Paranoid? Probably, but I'm okay with that...because as soon as I heard of Strava, the first thing that went thru my mind was 'oh, that would be a great app to use to help rob people'.


----------



## ewarnerusa (Jun 8, 2004)

When I started this thread, I was wondering what people thought regarding Strava strangers being thieves in disguise. I do check out their profiles once they start following to see if they're real. That's why I mentioned them have recent activities and pictures. Also the note about having privacy zones set up


----------



## Harold (Dec 23, 2003)

I set up layered privacy zones around important locations. Multiple overlapping zones with different radii centered near but not directly at the location of concern. Good luck finding my exact house based on my strava data.
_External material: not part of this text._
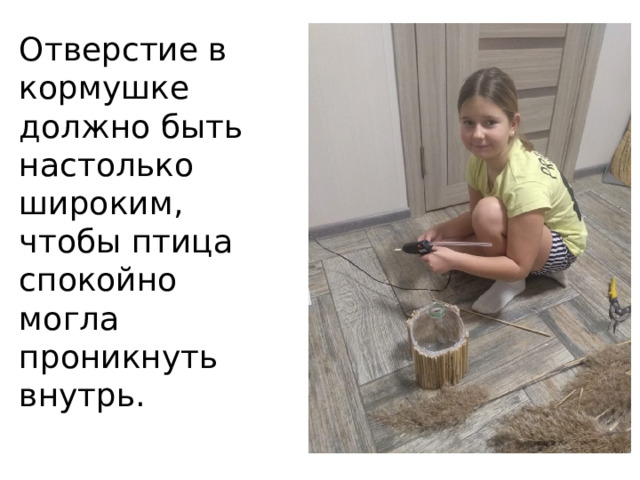 Отверстие в кормушке должно быть настолько широким, чтобы птица спокойно могла проникнуть внутрь.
The key is not to be an idiot.


----------



## ewarnerusa (Jun 8, 2004)

I checked in on one of my Strava Strangers who most frequently gives me kudos fast and frequent, like this morning before I even had a chance to name my commute, and notice that all of his activities have hundreds of kudos. From road rides to short hikes. So it must just be a level of Strava use that I don't get into with the thousands of followers and hundreds of kudos per activity. I just like to track my miles and sift through some data. And try to come up with clever activity names and pictures.


----------



## RS VR6 (Mar 29, 2007)

I don't really get random kudos, but I do have a bunch of random follow requests. A lot are from outside the US. Really not sure how they come across my rides.


----------